例えば採用業務と一つとってもアピールできる内容は様々です。
【例】
• 見積〜要件定義〜設計〜開発の全工程に従事
• 社内の承認フローを構築し、リードタイムを2週間短縮
•内定承諾率を高めるため、在籍社員との懇談会やオフィスツアーを企画
タスクの全体像や関係者とのやり取り、調整した経験なども加えることで、マネジメント力や実行力が伝わりやすくなります。
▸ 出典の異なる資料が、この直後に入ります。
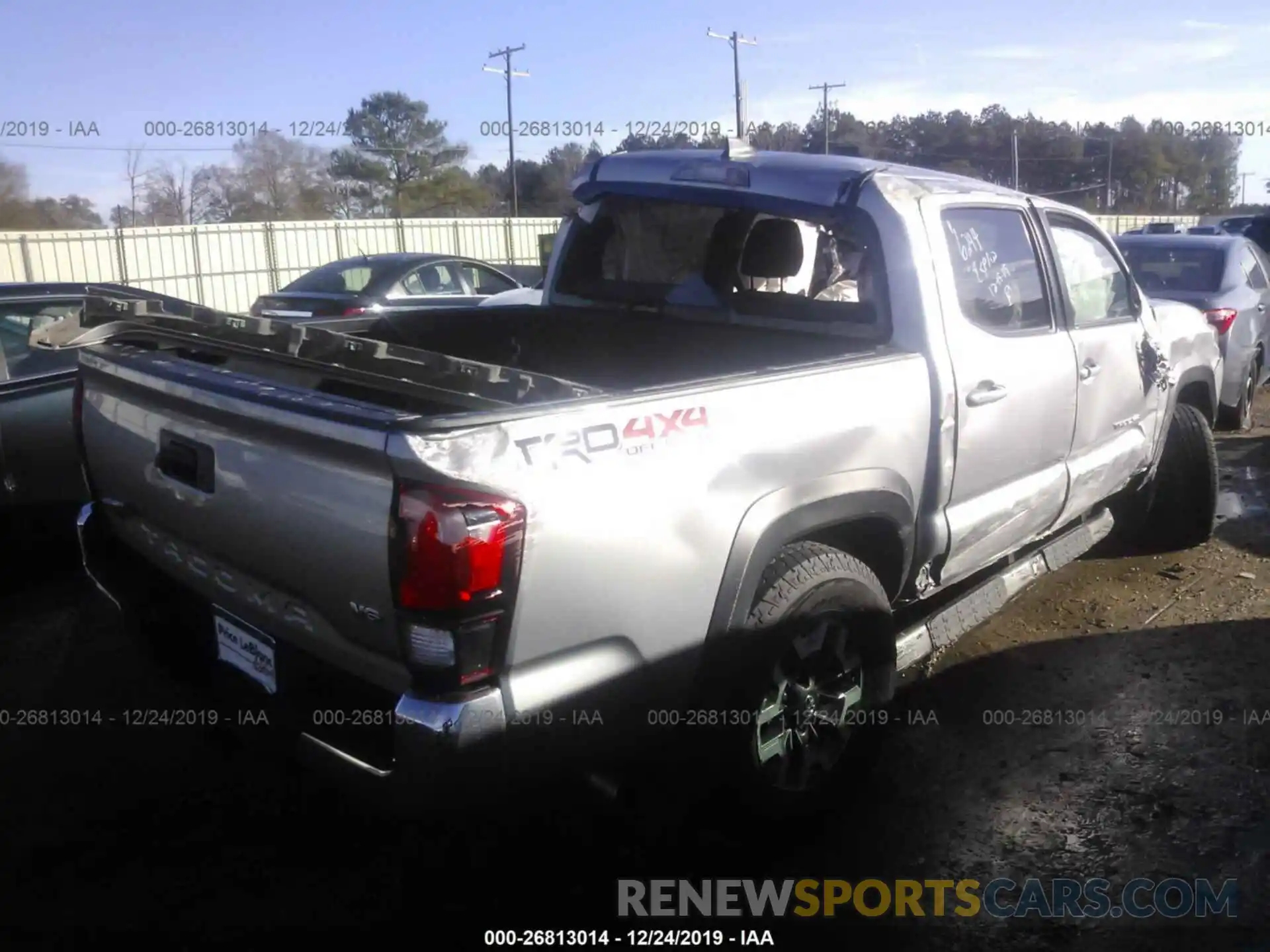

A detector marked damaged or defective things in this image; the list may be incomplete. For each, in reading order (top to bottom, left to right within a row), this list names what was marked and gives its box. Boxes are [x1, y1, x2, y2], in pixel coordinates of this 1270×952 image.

damaged toyota tacoma [44, 143, 1224, 812]
dented rear quarter panel [386, 355, 935, 675]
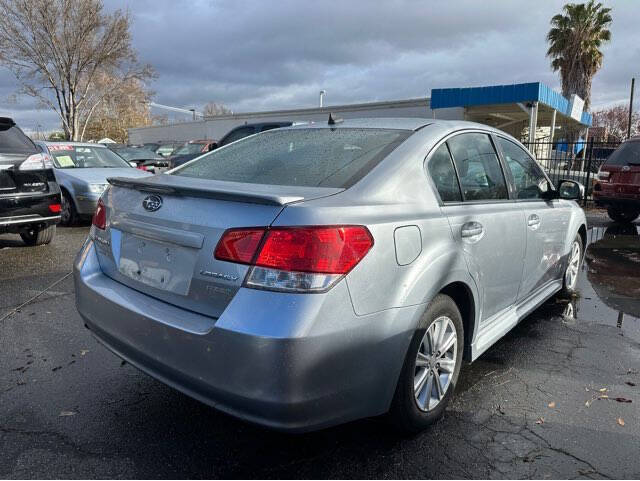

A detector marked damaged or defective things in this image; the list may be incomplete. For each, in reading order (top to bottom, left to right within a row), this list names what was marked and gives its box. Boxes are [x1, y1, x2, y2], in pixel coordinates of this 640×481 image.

cracked pavement [0, 216, 636, 478]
冒頭に、自分でも思いもよらなかった角度から企業のスカウトを受け取ったエピソードを記載しました。職務経歴書は繰り返しになりますが、自分の経験や能力を材料として提案することです。ある程度、その材料からできるレシピやイメージすることができますが、そこからインスピレーションを経て、自社でどう活躍してもらうかは、企業によって全く異なります。

まとめ:職務経歴書は“伝える力”そのもの

職務経歴書は、あなたのこれまでのキャリアを一枚で伝える「セルフブランディングの書類」です。大切なのは、「何をしてきたか」よりも「どう伝えるか」。
• 重要な情報に絞る
• 実績は数字で伝える
• 志望企業との接点を可視化する
• 再現性ある経験として分解する
• 常にアップデートしておく
これらを意識してコツコツとアップデートを繰り返すことは、転職をするしないに関わらず、自分のキャリアを客観的に分析するよい機会になります。